Fobiler kişilerin yaşantılarını olumsuz şekilde etkiler. Hatta normal bir günlük rutin yaşamalarını engeller. Bir süre sonra içerisindeki korku ve endişelerle başa çıkmak için mücadele veren kişilerin kendilerine olan saygıları da azalır ve insan ilişkilerini istemeden sınırlandırabilirler.
Pistantrofobinin belirtileri daha çok insanlarla olan ilişkilere özgüdür. Bireyin sergilediği pek çok ortak davranış bulunmakta. Bu davranışları aşağıdaki gibi özetleyebiliriz:
Aşırı şüpheci yaklaşımlar sergileme
Kendini mutlu bir ortam ve ilişki içerisinde hayal edememe
Fevri çıkışlar ve aşırı kıskançlıklar
Yalnız vakit geçirme yatkınlığı
Karamsarlık
Kendilerine karşı hissedilen olumlu duygulardan daima emin olma isteği
Potansiyel sevgili/eş adayı olarak görülebilecek kimselerde yakın temas kurmaktan, derin sohbetler etmekten kaçınma
Karşı tarafın ilgisini, flörtöz tavırlarını, romantik yaklaşımlarını görmezden gelerek kişiyi kendinden uzaklaştırma
Aşırı çekingen ve korumacı tutum ve davranışlar sergileme
Rahatsızlık hissi yaratacak ilişkiler, yakınlıklar, samimiyet kurma konulu tüm konuşmalardan kaçma ve bu konulara karşı anksiyete hissetme
Peki tedavisi mümkün müdür? Elbette. Öncelikle bir uzmandan yardım alınması gerekir. Çünkü bu kişilerin zaman zaman tek başına başa çıkabilecekleri bir sorun değildir. Kaygı bozukluğu sorunları arasında yer alır. Yapılması gereken ilk şey güven sorununun nedenini bulmak. Geçmişte yaşanan hangi olumsuz durumun insanlara güvenmemeyi tetiklediğini anlamak olmalıdır. Sonra yaşanan kötü duruma olumlu düşüncelerle yaklaşılmalıdır. Tedavinin ilk aşaması kişilerin korkuları ile yüzleşmelerini sağlamaktır.

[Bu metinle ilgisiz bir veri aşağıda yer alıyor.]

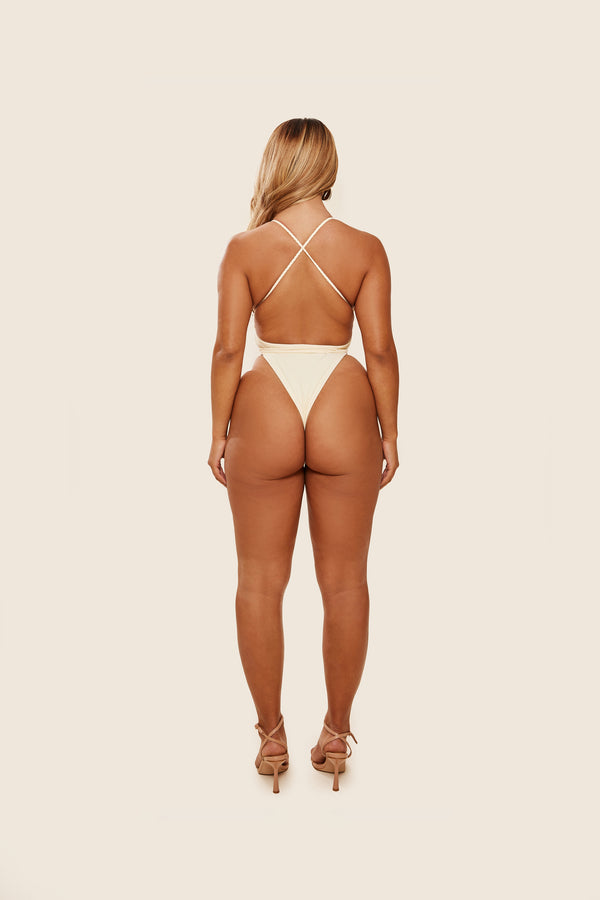 Mars The Label The Fishtail Swim In Cream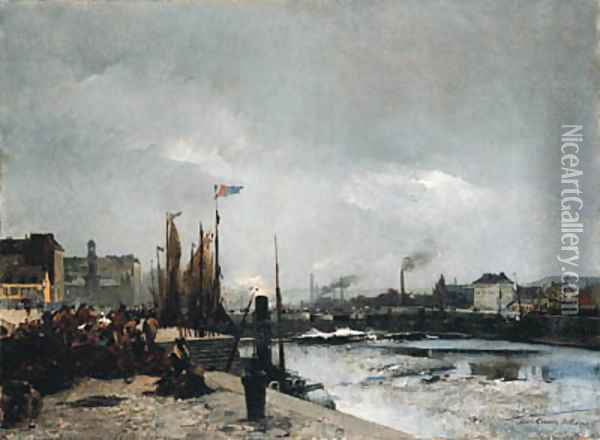 Le Havre Oil Painting - Pierre Carrier-Belleuse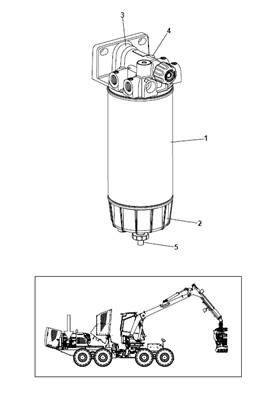 Fuel filter, assembly 9991144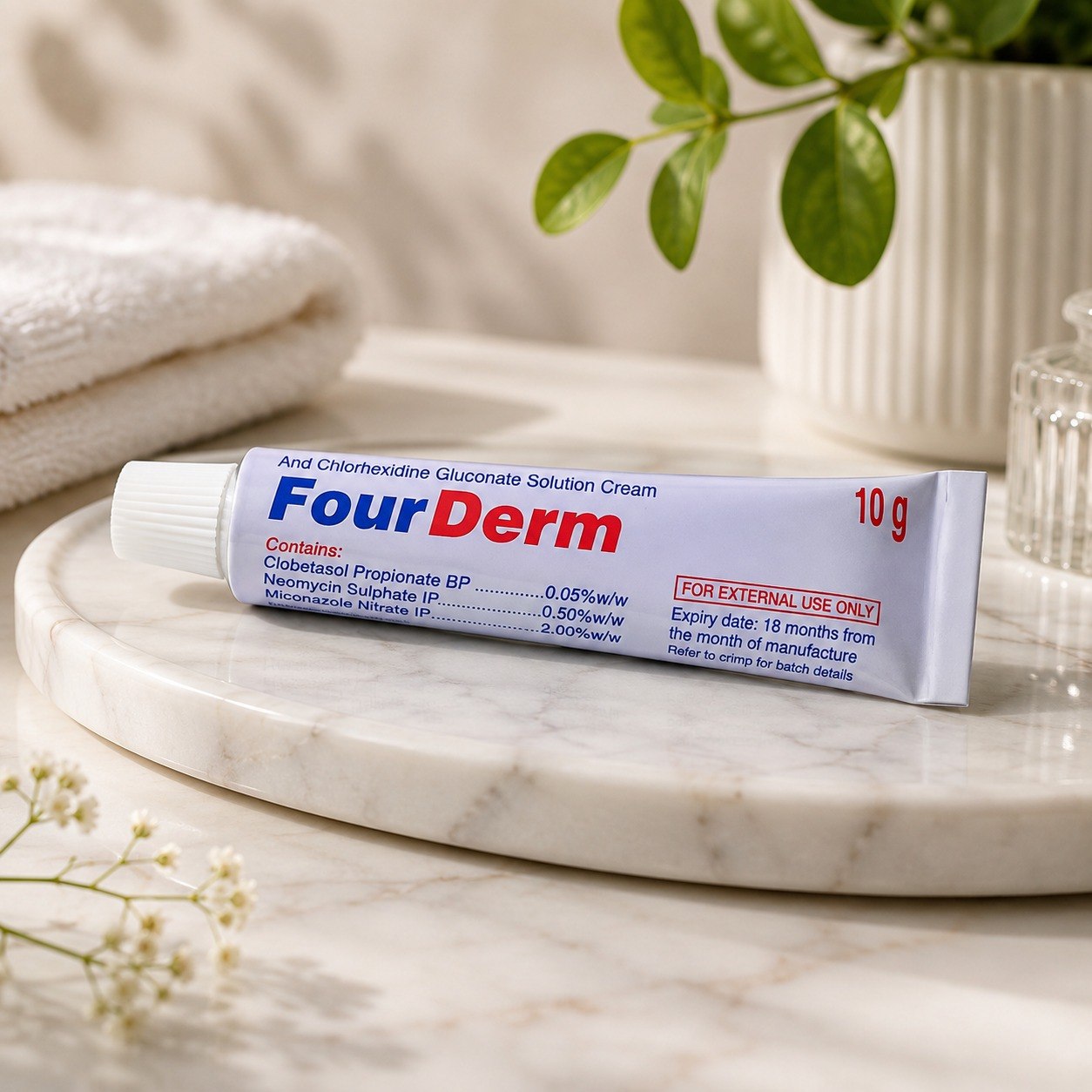 Fordermo Tube of 10 gm Cream For Reduces redness, swelling, and itchiness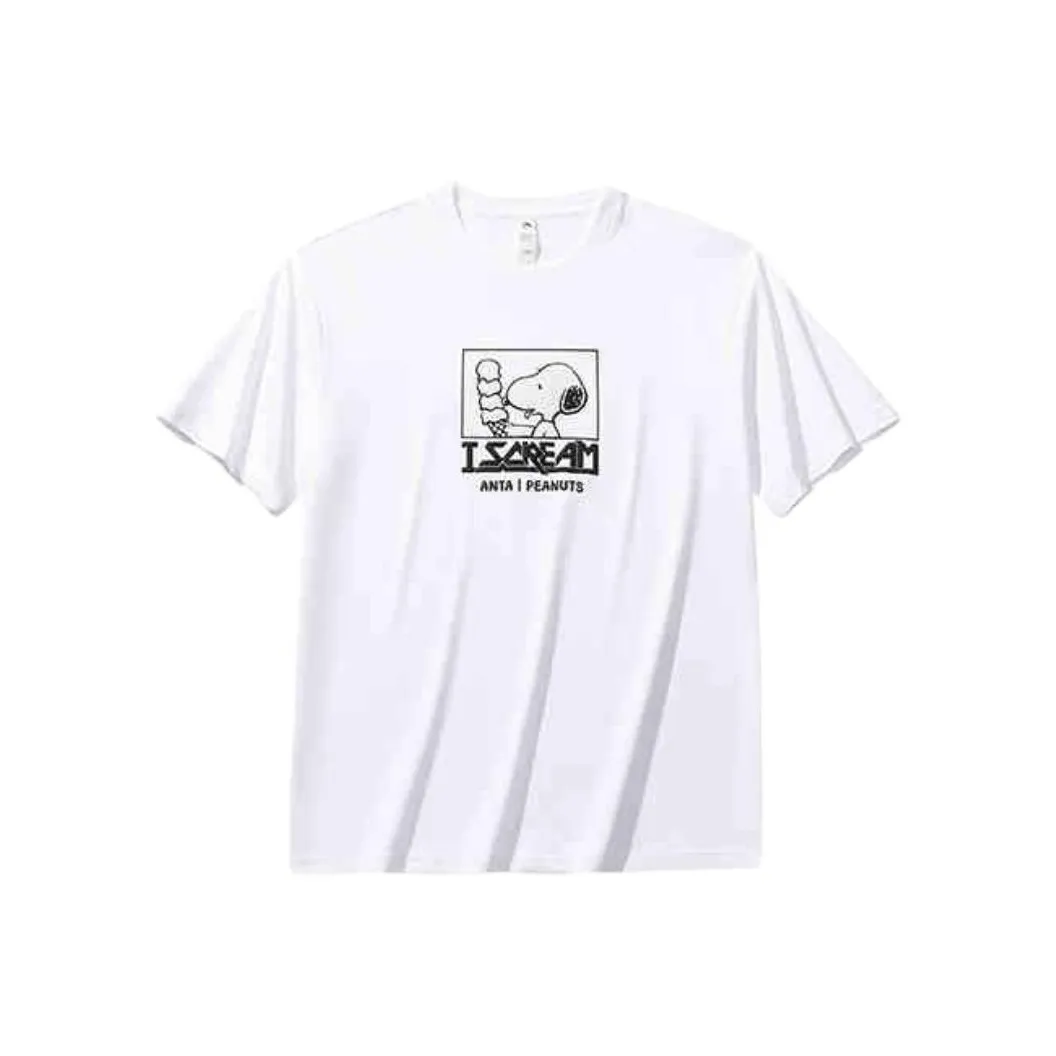CHAOJIANTA x SNOOPY T Shirt Men's Snowflake White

Şüphesiz kişinin zamanla her şeyin değişebileceğine, her insanın farklı olduğuna inanması ya da bu düşüncelere hayatında yeniden yer vermesi zor olabilir. Zaman içinde yaşadığı kötü tecrübe sonrası aldığı psikoterapiyle danışan eski hayatına geri dönebilir.
Ancak bu durumda kişinin rahatsızlığını kabul etmesi ve uzmanın yardımı ile seanslara katılması gerekir.